This morning I went across the street to participate in Contemplative Dance Practice at Joan Hanna's barn. This is a form developed by Barbara Dilley that begins with seated meditation, personal warm-up time, Open Space (during which participants can enter and exit the circle, as they feel called, improvising movement) and finishing with time to write or draw in response to their experience. Today, there was a children's camp happening in the space upstairs above the dance studio. Here are my reflections on my experience:
Contemplative Dance Practice downstairs. Young boys masquerading as elephants upstairs. I smile as I realize this is what my future holds. ENERGY. What do I choose to do with it? I begin to dance. And I surprise myself with more than I thought possible. More stability and balance on one leg. More quickness than I expected. And the solo becomes a duet, then a trio. And I have a brief moment of sadness that I cannot roll around on the floor like they can, like I'm used to. That I cannot take weight and do partnering like they can, like I'm used to. But the jealousy is brief because look at how much I can still do/move!

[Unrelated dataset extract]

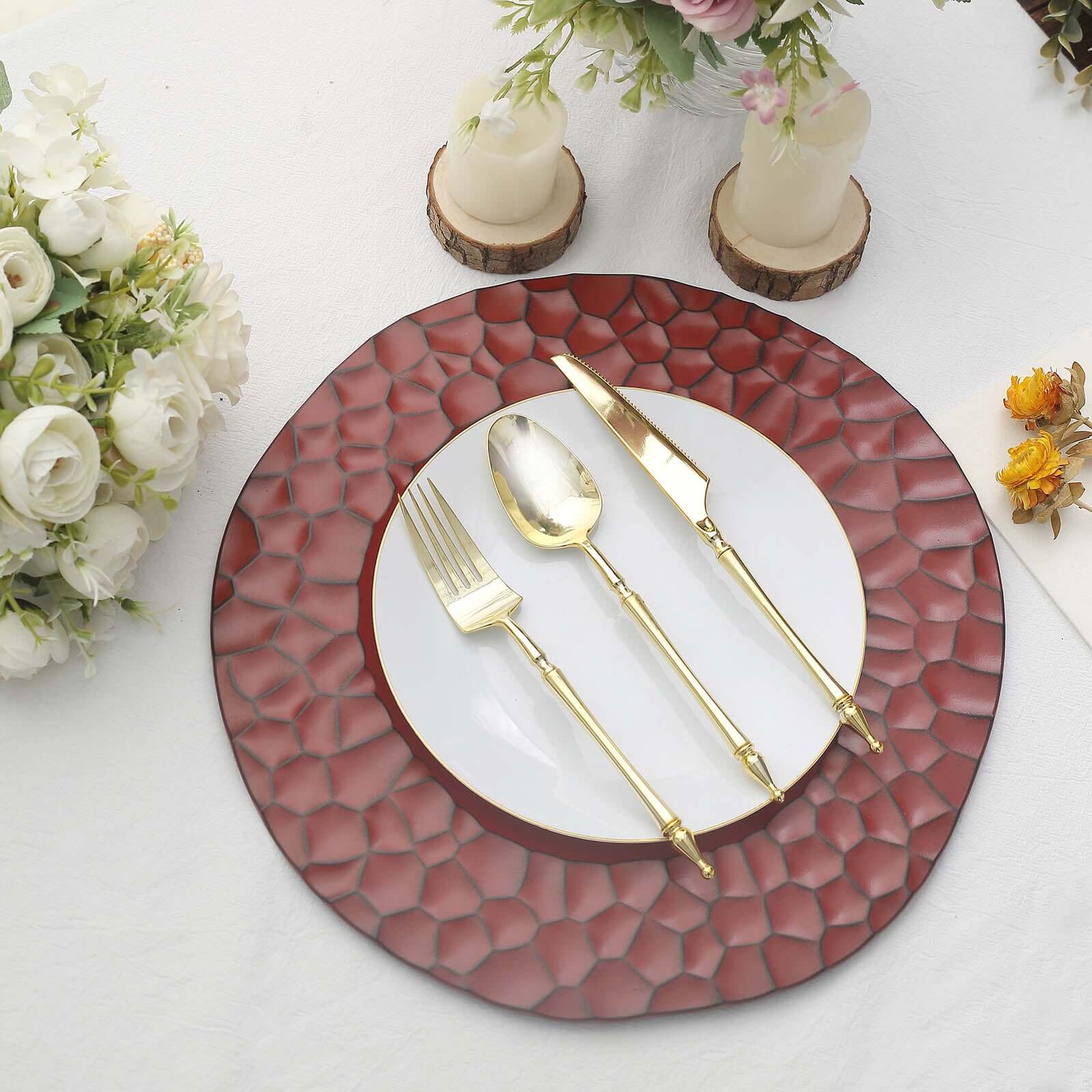6-Pack Round Charger Plates 13" in Burgundy with Hammered Rim, Matte Finish Modern Dinner Charger Tableware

Is the baby still while I am dancing or can I just not notice the simultaneous dance? He was so busy during my stillness, like the boys over my head. And it makes me think about the phrase "Movement as a primary language." My baby moves. Some days I think he is swimming, diving off the high board, turning tricks and landing in the pool below. Other days, he is an acrobat in the circus. By moving, he is letting me know that he is there and he is healthy and I am grateful for the language of movement. Like I am grateful for the trio of women, moving together, sharing touch, creating a dance together without words, sharing our common language of physicality and movement.